My cheapness factor far exceeds my urge to rush off to Rice! I could have gone out there in early June, picked up my Casita, and pulled it back to Georgia. But I’m too cheap to make an unnecessary trip!
Plus it would have put a pinch on my cash flow . . . This entire plan, starting back in late 2004, has been a lesson in patience.
Thanks for the reassurance on my Casita. Since I’ve always bought used, a brand new Casita is sure to delight me!
Laugh……also admire your “cheapness”.
Sue, the fantastic thing about Casitas is that they keep their value really well. If you live in your liberty for a year or so and decide you would prefer a different model the resale value is REALLY great. We bought ours “gently loved” for half the new price when she was 8 years old. Imagine an 8 year old car being 50% of the new price!
You’re right not to pick up early, cheap or not.
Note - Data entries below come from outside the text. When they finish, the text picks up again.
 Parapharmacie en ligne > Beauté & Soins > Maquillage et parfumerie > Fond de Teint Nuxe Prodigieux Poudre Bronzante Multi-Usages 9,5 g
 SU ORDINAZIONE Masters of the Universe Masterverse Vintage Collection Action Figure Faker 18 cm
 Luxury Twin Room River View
Imagine having a new Casita and NOT being able to camp because you had too many loose ends to tie up – HORRORS!
Good points . ..
Another reason not to have picked up the Casita and brought it back here before the house was sold: I could chicken out on the plan to vagabond! Plus where’s the drama in that?
As it is, I am homeless from the time I leave Georgia until I complete the purchase of my Casita! There’s no turning back.
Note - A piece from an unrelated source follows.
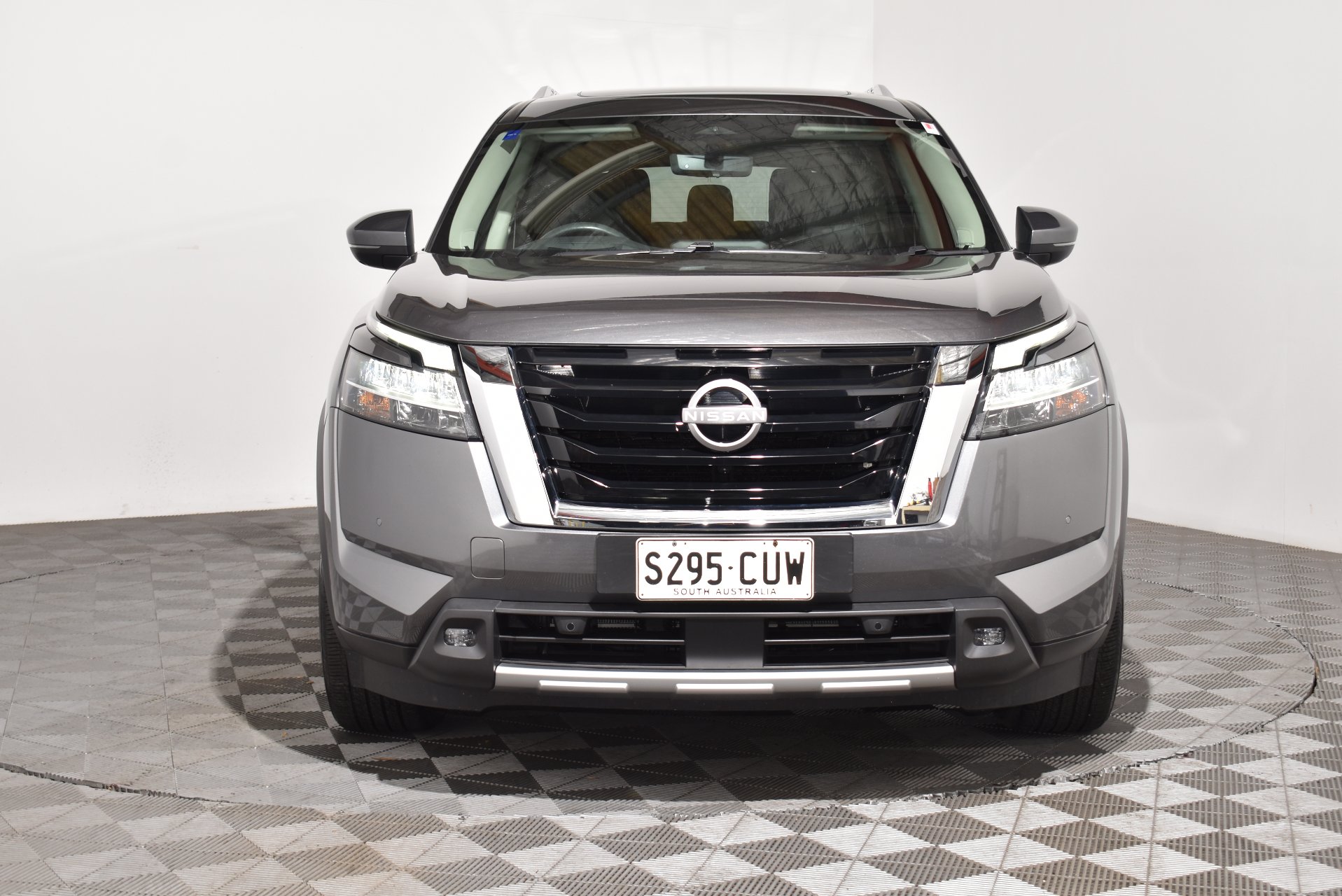 2022 Used Nissan Pathfinder
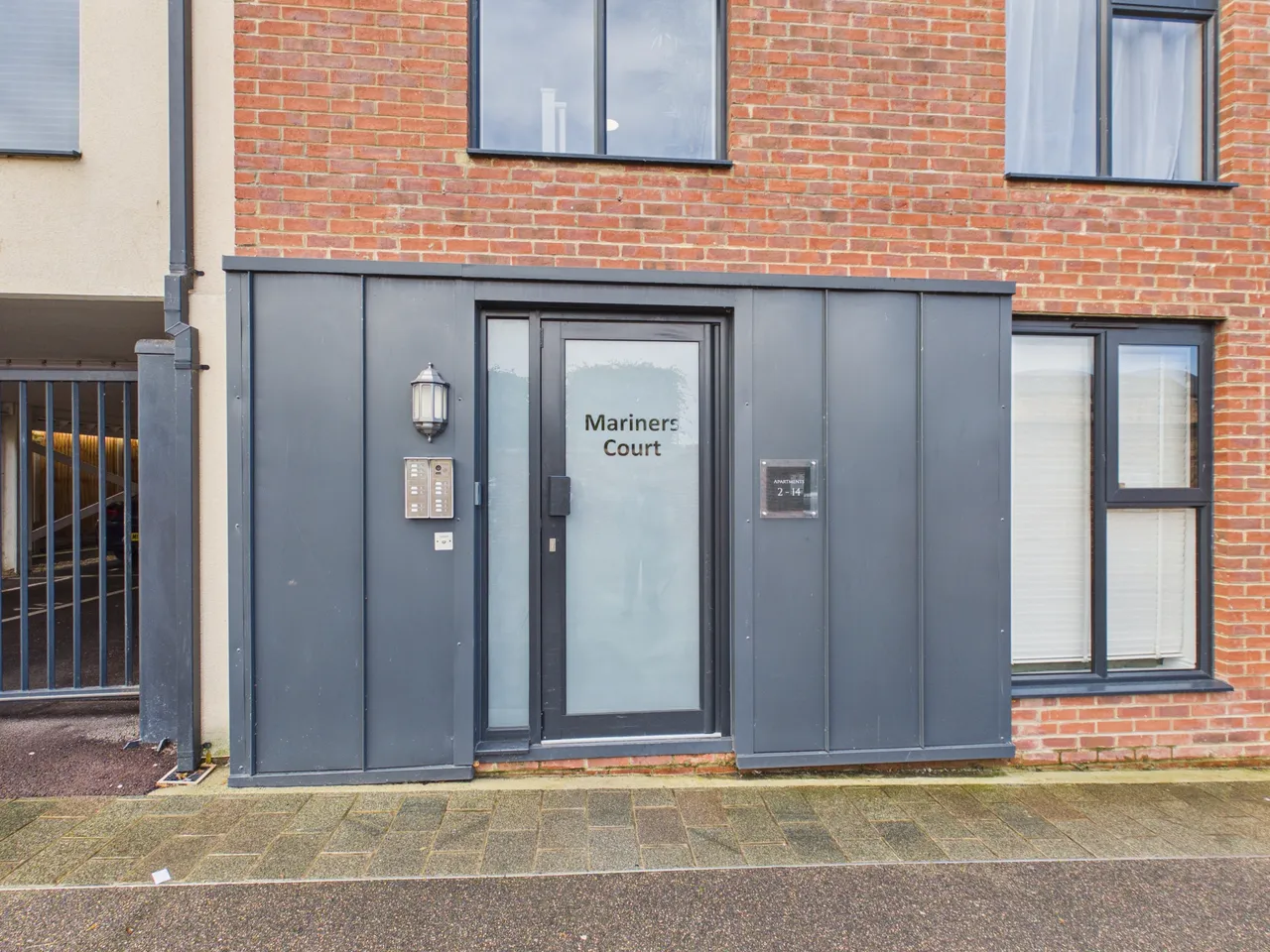 Flat 3, Mariners Court, The Docks, Gloucester, GL1 2EH, photo 12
This won’t be the first time I’ve slashed my little lifeboat from its moorings. (Hmmm, that would make a good story for a future post)
just so you know that there are more than a few people reading your post, I look online at your blog every day and when it gets into the third day with no post wonder what’s going on. LOL
That’s nice to know, Bill. Thanks. No need to wonder. Ever so often I have to let life happen. I haven’t yet developed the skill of Tioga George who posts daily.
So you look for me and I’m not there? Awwww . . .
I shivered when I read that they stuck a needle in the side of your nose…oh, my I almost felt that! We are so happy for you and Janie that all worked out and the friend will take her. Your posts are so interesting and I love reading them. Hugs for you and nose kisses for Janie
Thank you, Mumsy. Yes, everything is going to work out just fine. Hope all is well with you and Chancy!